Lost Earnings
Lost earnings are calculated by comparing the plaintiff’s expected income with actual income. For past losses (those that occurred prior to trial), this calculation is usually based on the assumption that the plaintiff’s earnings would have been in equilibrium. Plaintiff’s expected income is assumed to include cost-of-living adjustments and scheduled promotions and raises but does not include factors such as claims that the plaintiff was about to change to a more lucrative occupation. This calculation is simple for employees and persons in stable businesses. It becomes more difficult when it involves a plaintiff in a transitory state. For example, assume that the plaintiff is just starting a private medical practice. He has been in business six months when he is severely injured in an automobile accident and he is unable to return to work. If it takes four years for his case to go to trial, he will be entitled to the earnings he lost during that period. His income during the first six months of practice probably will not be representative of what his earnings would have been when the practice was fully established. In this case, the plaintiff’s counsel will need to present projections of his client’s potential earnings capacity.
Future earning capacity is what the plaintiff might have earned had the injury not occurred. The damages would be this earning capacity minus projected earnings in the injured condition. This is not always a positive number. If, because of injuries, the plaintiff was retrained for a higher paying job, he or she may have no damages attributable to lost earning capacity. If the plaintiff is well along in life in a dead-end job, then his or her future earning capacity may simply equal present wage plus cost- of-living adjustments.
The difficult cases involve plaintiffs starting their careers. These cases require a balancing of the plaintiff’s goals against the probability of his or her achieving those goals.
Assume that the plaintiff has suffered a head injury that makes it impossible to do any job more demanding than manual labor. If the plaintiff is a successful surgeon, then his future earning capacity is fairly certain, as is his potential professional lifetime. Assuming a net income of $200,000 per year and 25 years until retirement, minus a potential income of $5,000 per year as a laborer, a first- level approximation of lost earning capacity would be ($200,000–$5,000) × 25, or $4,875,000. If he is a first-year medical student, it is fairly certain that he would have become a physician, but his level of future financial success is much less certain. In this situation, the plaintiff’s future earning capacity may be limited to the average income for physicians in general. If the plaintiff is a freshman in college, then the probability of his becoming a surgeon is further reduced, as is his ability to establish a high future earning capacity.

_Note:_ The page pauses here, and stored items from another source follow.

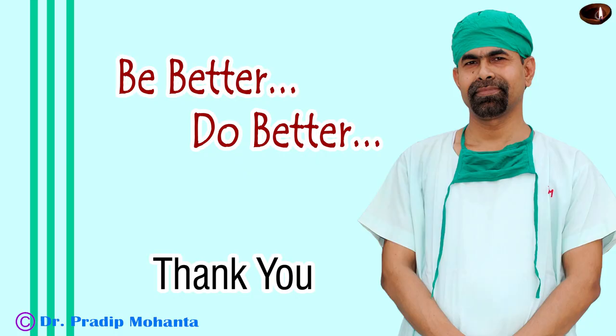Thank you very much for your attention. Hope this video will help you in developing your surgical skills. Don't wish it were easier — wish you were better. Don't wish for less problems — wish for more skills. Don't wish for less challenges — wish for more wisdom. Thank you very much.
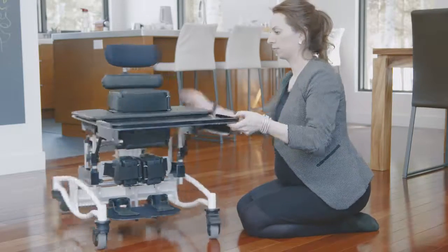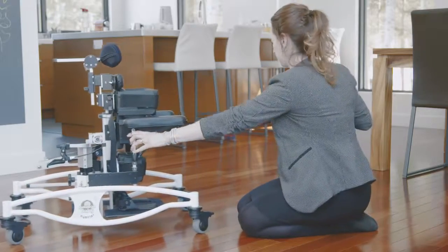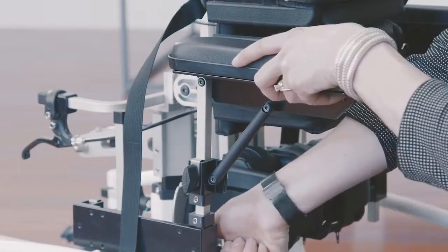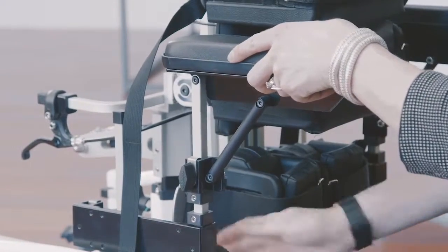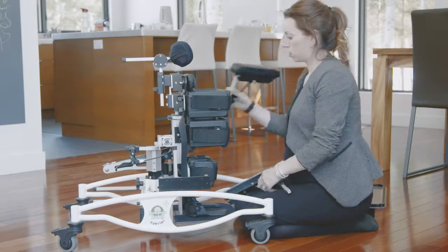First, undo the straps on either side of the tray. Remove the armrests from their original position and reinsert them into the opposite slot, which is the reverse position.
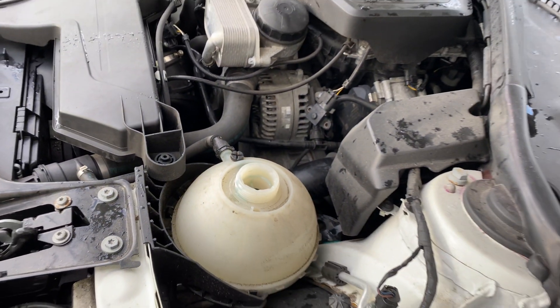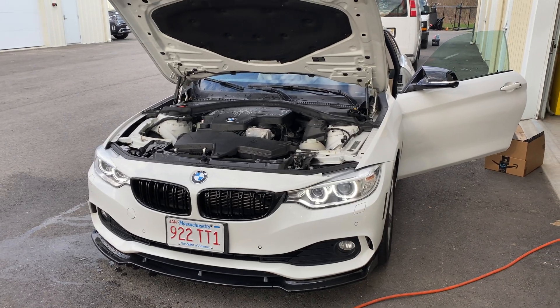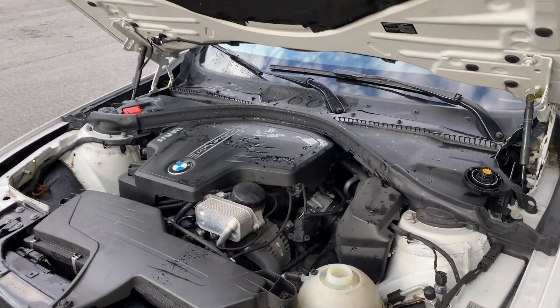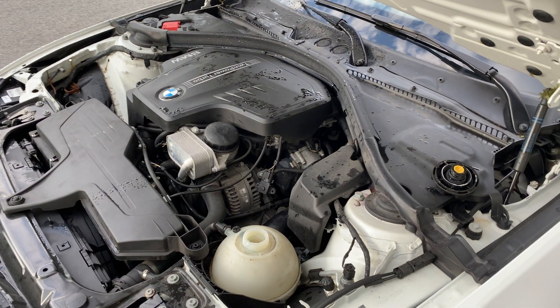For reference, this is a 2014 428 xDrive. For all the N20 and N26 motors it should be all the same. Thanks for watching guys — make sure to like, comment, and subscribe.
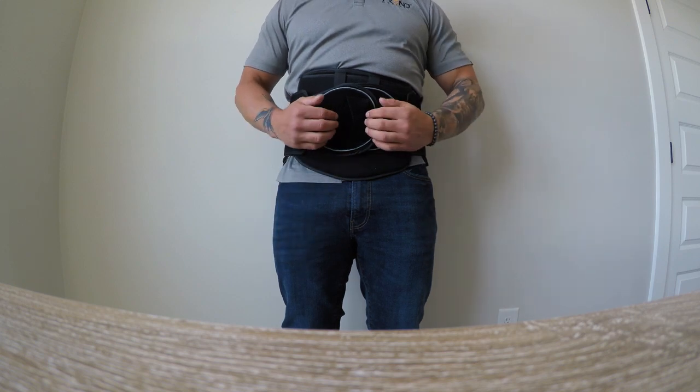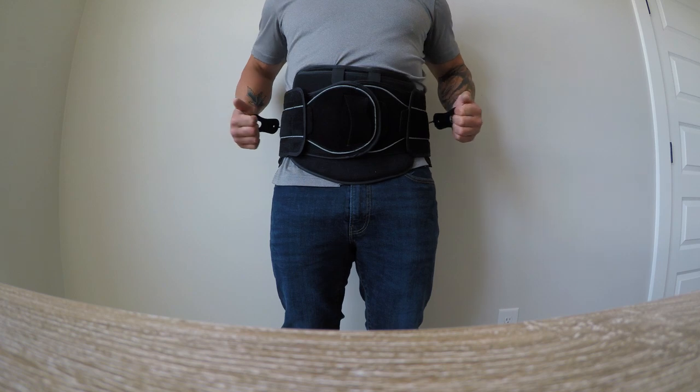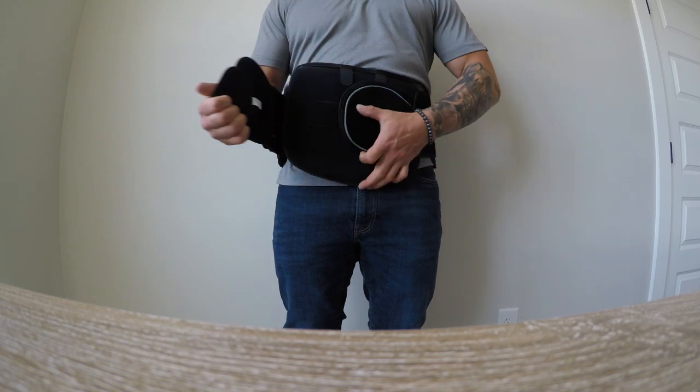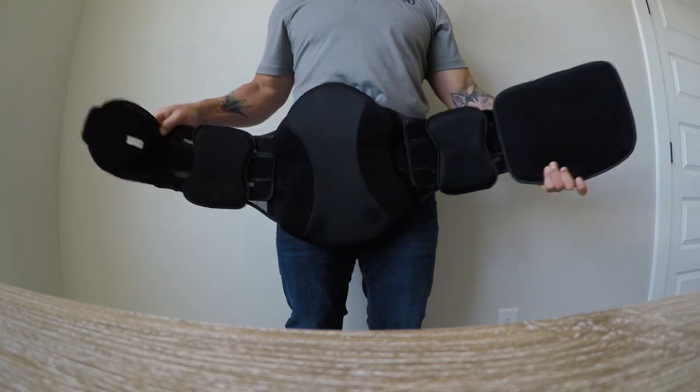When doffing the brace, all the patient must do is release the Velcro tabs and lie them back on their sides, which will reset the pulley structure. Un-velcro, take off, and the brace is ready for next time.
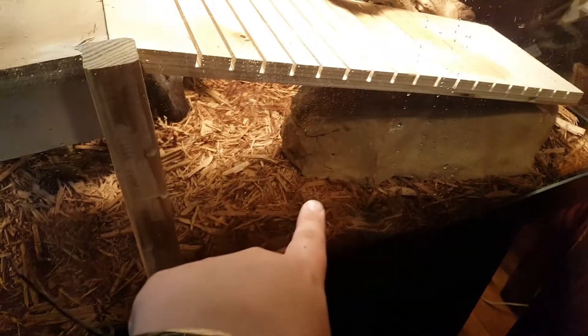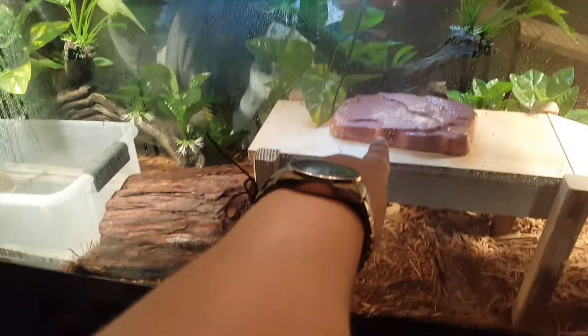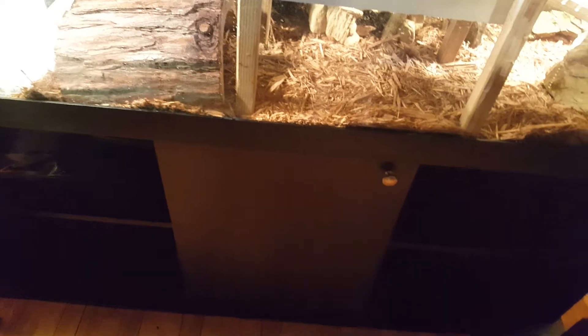He has his main hide right here, and he also hides in there — he just likes to crawl through. There's a basking spot right here and another basking spot over there.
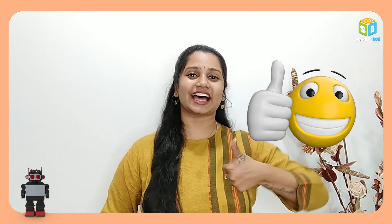Share this video with your friends and family. I'll be right back with another interesting robotics project.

These assumptions about the uncertainty of the plaintiff’s future may cause the jury to award him less money for lost future earning capacity, but they do not prevent the plaintiff from putting on evidence to reduce the assumption of uncertainty. If the college freshman is an honor student at Yale whose mother is a prominent surgeon and there is evidence that he intended to join her practice, the jury might assume that he had a high probability of achieving his goals. Information that tends to convince a jury that the plaintiff’s goals were both reasonable and personally achievable is key to a successful claim for a large award for loss of future earning capacity.